-- PROVIDED DATA follows --
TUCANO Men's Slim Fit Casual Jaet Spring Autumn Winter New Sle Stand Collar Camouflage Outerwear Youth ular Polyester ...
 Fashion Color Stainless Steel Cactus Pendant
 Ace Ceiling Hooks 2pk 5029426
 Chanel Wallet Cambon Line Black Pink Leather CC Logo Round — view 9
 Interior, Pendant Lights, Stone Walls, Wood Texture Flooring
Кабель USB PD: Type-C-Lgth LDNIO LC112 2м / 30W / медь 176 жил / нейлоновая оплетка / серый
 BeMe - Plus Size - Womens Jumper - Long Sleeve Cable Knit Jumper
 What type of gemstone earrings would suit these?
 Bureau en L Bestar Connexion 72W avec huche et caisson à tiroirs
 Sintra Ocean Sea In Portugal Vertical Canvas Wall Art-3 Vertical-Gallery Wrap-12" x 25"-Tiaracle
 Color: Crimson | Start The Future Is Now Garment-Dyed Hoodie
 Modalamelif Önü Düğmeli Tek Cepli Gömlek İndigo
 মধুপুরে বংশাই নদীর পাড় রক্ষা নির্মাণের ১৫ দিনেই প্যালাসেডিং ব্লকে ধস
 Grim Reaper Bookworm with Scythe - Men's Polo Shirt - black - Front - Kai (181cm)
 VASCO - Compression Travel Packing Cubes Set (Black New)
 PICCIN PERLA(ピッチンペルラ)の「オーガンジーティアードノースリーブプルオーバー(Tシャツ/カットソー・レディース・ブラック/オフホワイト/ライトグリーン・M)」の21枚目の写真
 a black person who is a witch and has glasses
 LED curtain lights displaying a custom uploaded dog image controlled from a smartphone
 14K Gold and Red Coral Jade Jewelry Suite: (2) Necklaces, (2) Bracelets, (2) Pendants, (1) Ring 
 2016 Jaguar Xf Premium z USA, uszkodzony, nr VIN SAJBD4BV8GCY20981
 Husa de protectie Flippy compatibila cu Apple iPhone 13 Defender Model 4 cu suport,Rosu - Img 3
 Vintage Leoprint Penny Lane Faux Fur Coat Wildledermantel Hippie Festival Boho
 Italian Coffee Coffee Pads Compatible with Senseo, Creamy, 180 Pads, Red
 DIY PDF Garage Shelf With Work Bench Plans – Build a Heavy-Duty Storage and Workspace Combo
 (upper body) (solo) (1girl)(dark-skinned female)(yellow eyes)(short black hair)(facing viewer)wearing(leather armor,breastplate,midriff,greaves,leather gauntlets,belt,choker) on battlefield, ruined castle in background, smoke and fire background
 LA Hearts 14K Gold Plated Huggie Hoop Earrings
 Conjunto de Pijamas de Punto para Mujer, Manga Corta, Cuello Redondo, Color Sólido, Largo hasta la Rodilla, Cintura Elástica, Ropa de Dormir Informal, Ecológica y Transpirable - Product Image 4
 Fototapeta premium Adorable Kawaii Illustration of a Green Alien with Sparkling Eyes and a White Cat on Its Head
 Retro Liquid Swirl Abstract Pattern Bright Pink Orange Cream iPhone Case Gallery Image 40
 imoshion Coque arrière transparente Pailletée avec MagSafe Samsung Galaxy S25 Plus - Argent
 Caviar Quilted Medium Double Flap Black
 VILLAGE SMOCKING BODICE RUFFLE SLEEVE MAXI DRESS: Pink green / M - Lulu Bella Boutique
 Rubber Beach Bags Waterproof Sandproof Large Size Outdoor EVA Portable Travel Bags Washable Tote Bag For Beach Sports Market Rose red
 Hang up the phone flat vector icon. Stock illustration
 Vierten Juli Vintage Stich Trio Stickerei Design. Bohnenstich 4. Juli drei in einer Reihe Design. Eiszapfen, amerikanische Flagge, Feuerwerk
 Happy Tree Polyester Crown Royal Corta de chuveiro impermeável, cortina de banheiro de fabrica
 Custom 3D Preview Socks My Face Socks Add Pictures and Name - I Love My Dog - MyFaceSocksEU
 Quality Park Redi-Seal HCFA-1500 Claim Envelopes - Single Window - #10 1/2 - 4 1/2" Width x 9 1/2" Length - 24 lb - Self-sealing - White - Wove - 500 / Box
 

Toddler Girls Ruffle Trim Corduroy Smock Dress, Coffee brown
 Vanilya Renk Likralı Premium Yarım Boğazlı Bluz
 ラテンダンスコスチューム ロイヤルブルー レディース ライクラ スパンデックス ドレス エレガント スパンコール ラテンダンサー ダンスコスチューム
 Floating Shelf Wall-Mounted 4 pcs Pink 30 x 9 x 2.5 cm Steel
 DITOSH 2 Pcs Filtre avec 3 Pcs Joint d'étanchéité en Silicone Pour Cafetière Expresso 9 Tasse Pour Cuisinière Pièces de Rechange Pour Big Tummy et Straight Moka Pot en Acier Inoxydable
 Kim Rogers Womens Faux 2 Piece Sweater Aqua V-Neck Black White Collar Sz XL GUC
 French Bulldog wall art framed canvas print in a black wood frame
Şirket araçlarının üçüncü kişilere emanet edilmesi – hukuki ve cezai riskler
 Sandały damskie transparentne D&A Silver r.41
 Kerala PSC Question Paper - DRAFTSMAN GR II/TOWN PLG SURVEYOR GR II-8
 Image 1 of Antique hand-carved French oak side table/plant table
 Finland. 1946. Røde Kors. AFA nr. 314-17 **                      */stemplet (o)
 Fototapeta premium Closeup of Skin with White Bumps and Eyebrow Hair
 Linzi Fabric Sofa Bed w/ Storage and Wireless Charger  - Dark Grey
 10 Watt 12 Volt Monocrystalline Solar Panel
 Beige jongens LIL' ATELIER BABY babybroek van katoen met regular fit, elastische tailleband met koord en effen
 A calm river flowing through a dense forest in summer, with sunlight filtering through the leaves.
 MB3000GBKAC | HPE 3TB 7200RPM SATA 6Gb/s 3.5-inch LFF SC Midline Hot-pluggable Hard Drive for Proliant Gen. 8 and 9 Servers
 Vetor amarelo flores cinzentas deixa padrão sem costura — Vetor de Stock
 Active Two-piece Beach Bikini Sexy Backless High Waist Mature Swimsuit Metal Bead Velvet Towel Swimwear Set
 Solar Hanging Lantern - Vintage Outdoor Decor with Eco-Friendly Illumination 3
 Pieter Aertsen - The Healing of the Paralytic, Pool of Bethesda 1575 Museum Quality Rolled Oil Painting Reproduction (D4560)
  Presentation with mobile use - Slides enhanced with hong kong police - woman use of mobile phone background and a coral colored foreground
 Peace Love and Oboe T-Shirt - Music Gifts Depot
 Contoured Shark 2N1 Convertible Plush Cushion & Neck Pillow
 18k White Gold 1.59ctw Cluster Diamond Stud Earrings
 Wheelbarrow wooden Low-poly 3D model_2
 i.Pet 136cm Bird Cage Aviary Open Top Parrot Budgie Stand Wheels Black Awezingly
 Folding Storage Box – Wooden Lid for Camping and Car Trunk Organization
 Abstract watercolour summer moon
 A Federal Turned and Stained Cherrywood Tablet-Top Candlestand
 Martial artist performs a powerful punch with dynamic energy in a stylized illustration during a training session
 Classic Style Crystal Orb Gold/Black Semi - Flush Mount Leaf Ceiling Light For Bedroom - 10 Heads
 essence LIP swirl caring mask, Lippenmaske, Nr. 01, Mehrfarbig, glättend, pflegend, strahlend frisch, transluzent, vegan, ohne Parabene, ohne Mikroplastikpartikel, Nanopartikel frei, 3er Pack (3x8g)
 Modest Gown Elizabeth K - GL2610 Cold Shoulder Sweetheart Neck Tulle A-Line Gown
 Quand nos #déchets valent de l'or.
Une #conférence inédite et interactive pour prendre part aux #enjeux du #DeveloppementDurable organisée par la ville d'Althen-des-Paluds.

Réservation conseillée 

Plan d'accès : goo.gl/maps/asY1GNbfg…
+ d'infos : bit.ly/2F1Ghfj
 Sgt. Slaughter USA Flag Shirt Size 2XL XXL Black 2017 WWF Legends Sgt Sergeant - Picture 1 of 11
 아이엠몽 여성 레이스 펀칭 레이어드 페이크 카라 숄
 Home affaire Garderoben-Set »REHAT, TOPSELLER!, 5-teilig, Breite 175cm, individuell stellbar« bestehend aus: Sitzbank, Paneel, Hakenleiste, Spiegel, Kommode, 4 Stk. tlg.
-- PROVIDED DATA concluded --
Using the entries above, repeat only the lines from the one containing "Vierten Juli Vintage" through the one containing "A calm river", end lines included.

**WRITTEN SOLUTION**
 Vierten Juli Vintage Stich Trio Stickerei Design. Bohnenstich 4. Juli drei in einer Reihe Design. Eiszapfen, amerikanische Flagge, Feuerwerk
 Happy Tree Polyester Crown Royal Corta de chuveiro impermeável, cortina de banheiro de fabrica
 Custom 3D Preview Socks My Face Socks Add Pictures and Name - I Love My Dog - MyFaceSocksEU
 Quality Park Redi-Seal HCFA-1500 Claim Envelopes - Single Window - #10 1/2 - 4 1/2" Width x 9 1/2" Length - 24 lb - Self-sealing - White - Wove - 500 / Box
 

Toddler Girls Ruffle Trim Corduroy Smock Dress, Coffee brown
 Vanilya Renk Likralı Premium Yarım Boğazlı Bluz
 ラテンダンスコスチューム ロイヤルブルー レディース ライクラ スパンデックス ドレス エレガント スパンコール ラテンダンサー ダンスコスチューム
 Floating Shelf Wall-Mounted 4 pcs Pink 30 x 9 x 2.5 cm Steel
 DITOSH 2 Pcs Filtre avec 3 Pcs Joint d'étanchéité en Silicone Pour Cafetière Expresso 9 Tasse Pour Cuisinière Pièces de Rechange Pour Big Tummy et Straight Moka Pot en Acier Inoxydable
 Kim Rogers Womens Faux 2 Piece Sweater Aqua V-Neck Black White Collar Sz XL GUC
 French Bulldog wall art framed canvas print in a black wood frame
Şirket araçlarının üçüncü kişilere emanet edilmesi – hukuki ve cezai riskler
 Sandały damskie transparentne D&A Silver r.41
 Kerala PSC Question Paper - DRAFTSMAN GR II/TOWN PLG SURVEYOR GR II-8
 Image 1 of Antique hand-carved French oak side table/plant table
 Finland. 1946. Røde Kors. AFA nr. 314-17 **                      */stemplet (o)
 Fototapeta premium Closeup of Skin with White Bumps and Eyebrow Hair
 Linzi Fabric Sofa Bed w/ Storage and Wireless Charger  - Dark Grey
 10 Watt 12 Volt Monocrystalline Solar Panel
 Beige jongens LIL' ATELIER BABY babybroek van katoen met regular fit, elastische tailleband met koord en effen
 A calm river flowing through a dense forest in summer, with sunlight filtering through the leaves.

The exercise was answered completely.